Which begs the question:
http://wattsupwiththat.com/2011/09/18/trenberths-missing-heat-look-to-the-deep/
Where Ocean Heat Content seems to be pretty flat since 2003.

Jenn Oates
March 19, 2012 4:01 pm

But 99% of all climate scientists say the world is warming, don’t confuse the issue with So-called “facts”like these. If it was true I’d hear about it on NPR.
/

julie
March 19, 2012 4:16 pm

‘complete or partial melting of smaller glaciers ‘
I guess this is offset by the growing smaller glaciers in New Zealand and elsewhere.
Kind of pathetic if they think people will panic over this.

BradProp1
March 19, 2012 4:22 pm

We now have predictions confirming predictions? Whatever happened to facts?

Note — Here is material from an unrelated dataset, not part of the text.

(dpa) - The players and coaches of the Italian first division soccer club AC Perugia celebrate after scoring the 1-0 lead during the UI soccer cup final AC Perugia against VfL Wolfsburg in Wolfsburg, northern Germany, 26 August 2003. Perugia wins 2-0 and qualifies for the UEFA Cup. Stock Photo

Maybe if these scientists start spiking our water with “stupid pills” this kind of BS will take hold!

March 19, 2012 4:33 pm

The projected contribution of each glacier’s partial or complete melting to sea level rise ranges from 8.7 cm to 16 cm, depending on the model. The IPCC’s estimates for sea level rise by 2100 ranged from 7 to 17 centimetres in its 2007 fourth assessment report.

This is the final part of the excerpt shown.